* [BRIEF]:
Exactly the lines from the line that has "Elorie Bella Ballet" through the final line below are to be retyped, and the pictures are not.

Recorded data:
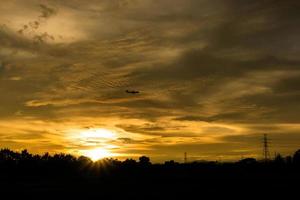 aereo su il elettricità pilone e bellissimo tramonto sfondo foto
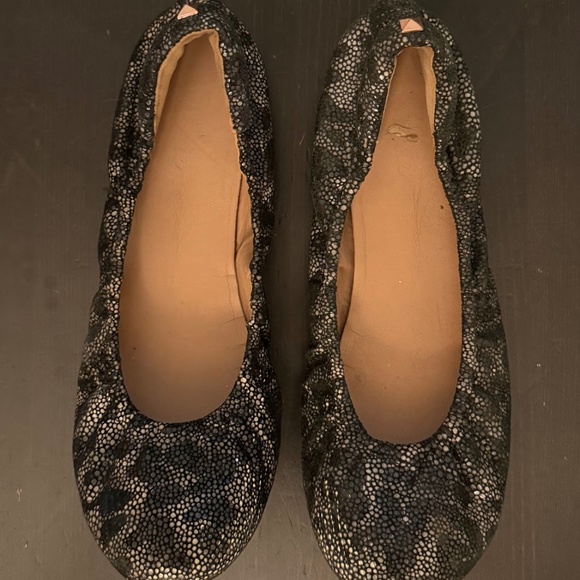 Elorie Bella Ballet Flats 7M – Black/White Cobra Print, Gently Used - Picture 2 of 3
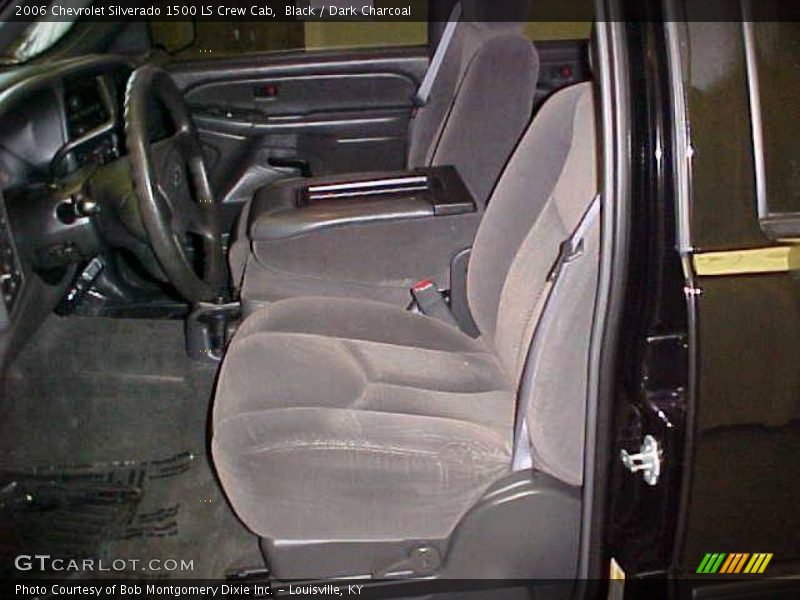 Black / Dark Charcoal 2006 Chevrolet Silverado 1500 LS Crew Cab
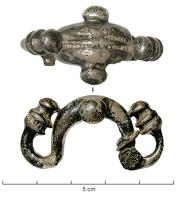 FIB-31033 - Fibule à double piedargentFibule symétrique à arc renflé, creux dessous et pourvu de deux boutons latéraux ; pied et tête symétriques, ornés de boutons moulurés ; le ressort était monté sur axe.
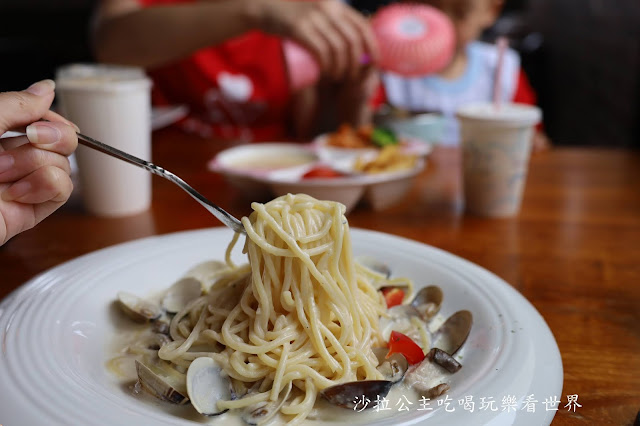 宜蘭礁溪景點『水鹿咖啡親子餐廳』迷你馬.水鹿.沙坑.小火車.賽車場.菜單 66 宜蘭礁溪景點『水鹿咖啡親子餐廳』迷你馬.水鹿.沙坑.小火車.賽車場.菜單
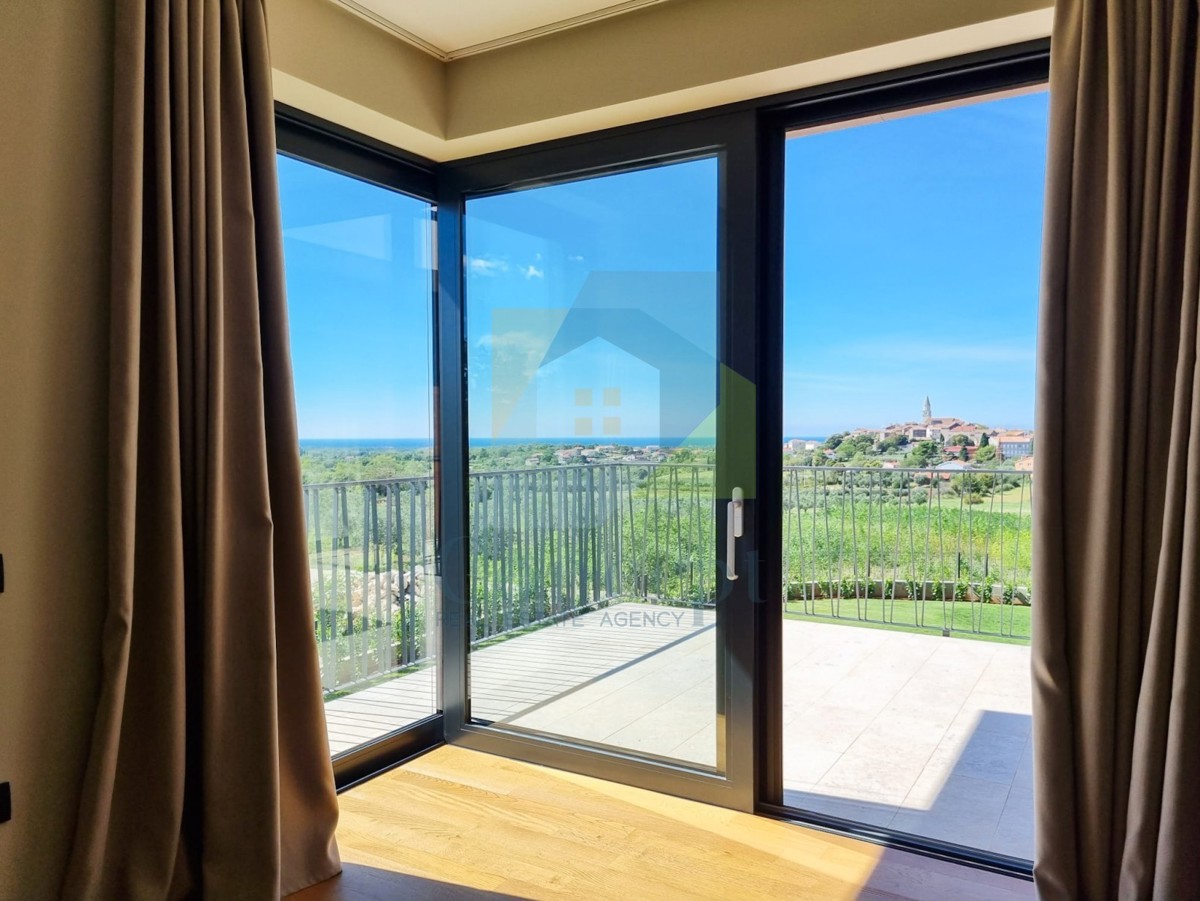 Poreč, okolica, Luksuzna vila s bazenom in pogledom na morje, 12 km od morja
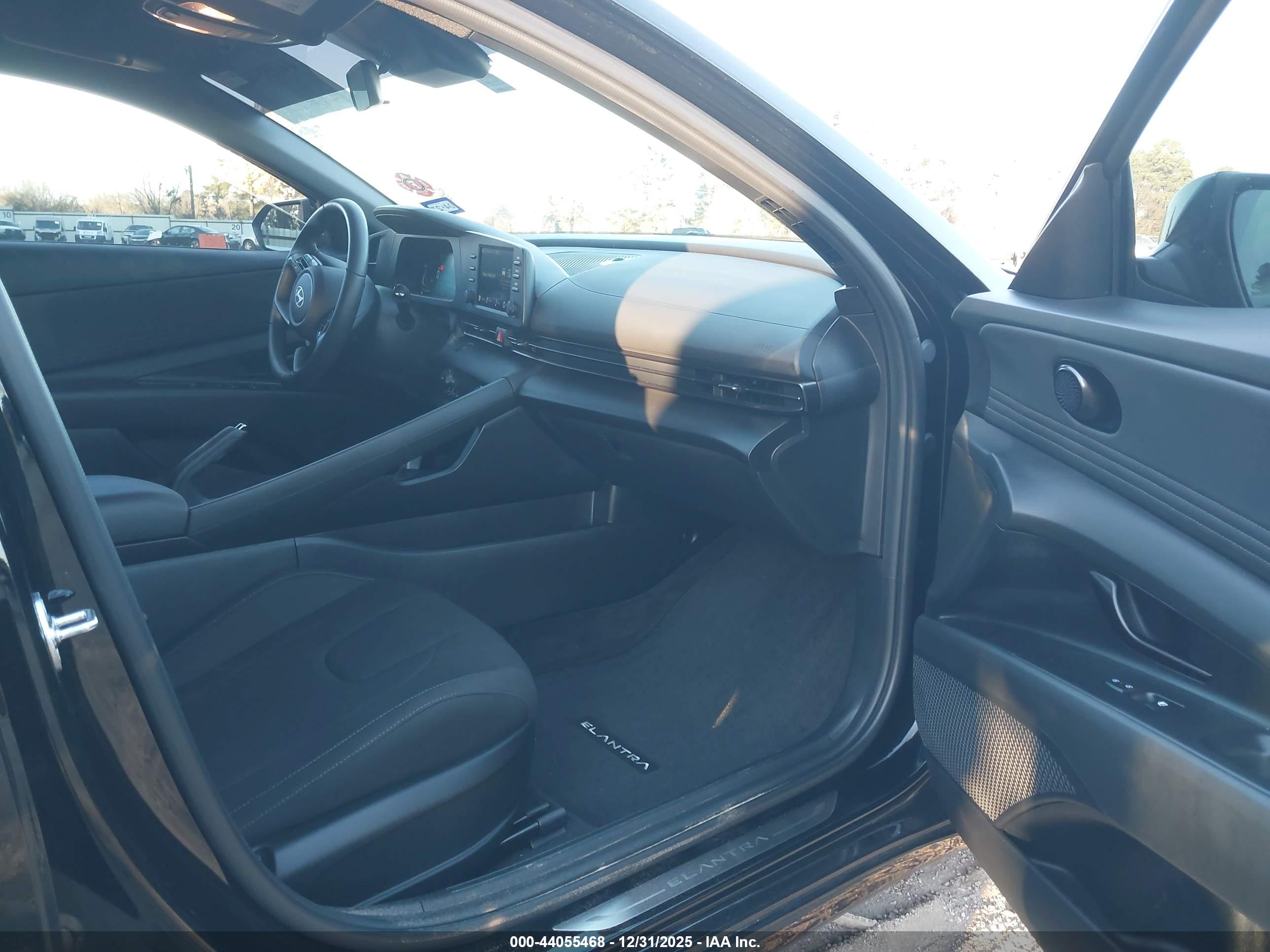 HYUNDAI ELANTRA image 5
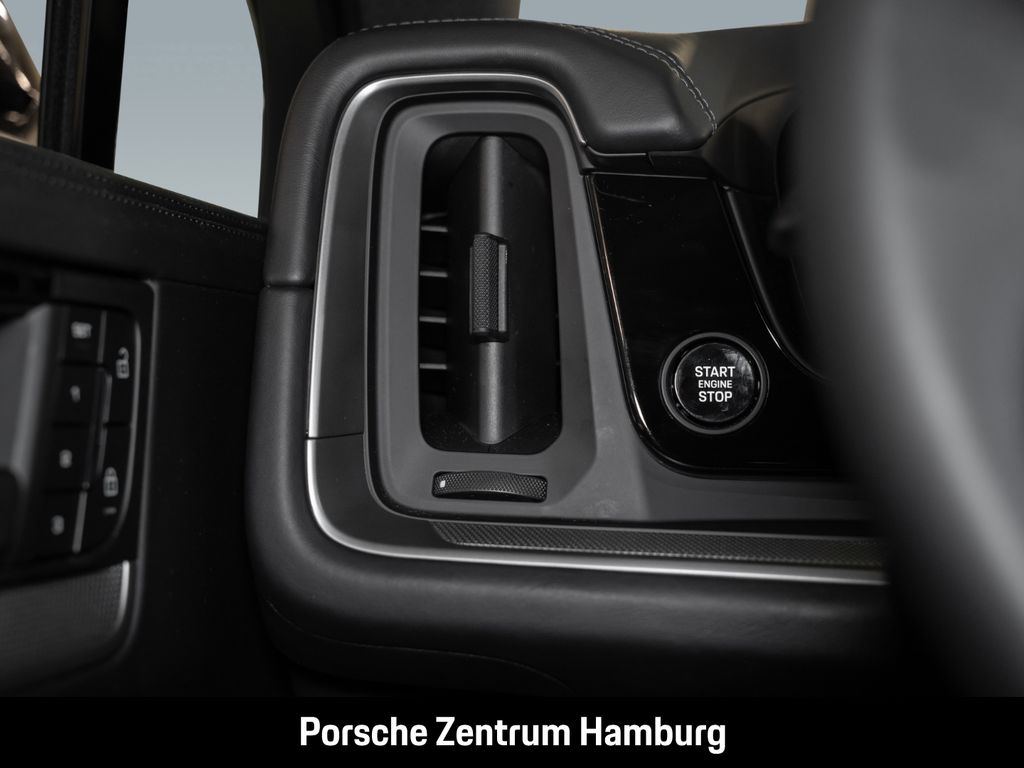 Porsche Cayenne 2025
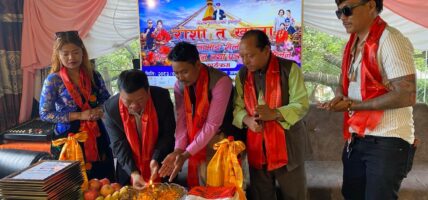 तामाङ शेलो ‘रोशी त खोला’ बजारमा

* [ANSWER SPACE]:
 Elorie Bella Ballet Flats 7M – Black/White Cobra Print, Gently Used - Picture 2 of 3
 Black / Dark Charcoal 2006 Chevrolet Silverado 1500 LS Crew Cab
 FIB-31033 - Fibule à double piedargentFibule symétrique à arc renflé, creux dessous et pourvu de deux boutons latéraux ; pied et tête symétriques, ornés de boutons moulurés ; le ressort était monté sur axe.
 宜蘭礁溪景點『水鹿咖啡親子餐廳』迷你馬.水鹿.沙坑.小火車.賽車場.菜單 66 宜蘭礁溪景點『水鹿咖啡親子餐廳』迷你馬.水鹿.沙坑.小火車.賽車場.菜單
 Poreč, okolica, Luksuzna vila s bazenom in pogledom na morje, 12 km od morja
 HYUNDAI ELANTRA image 5
 Porsche Cayenne 2025
 तामाङ शेलो ‘रोशी त खोला’ बजारमा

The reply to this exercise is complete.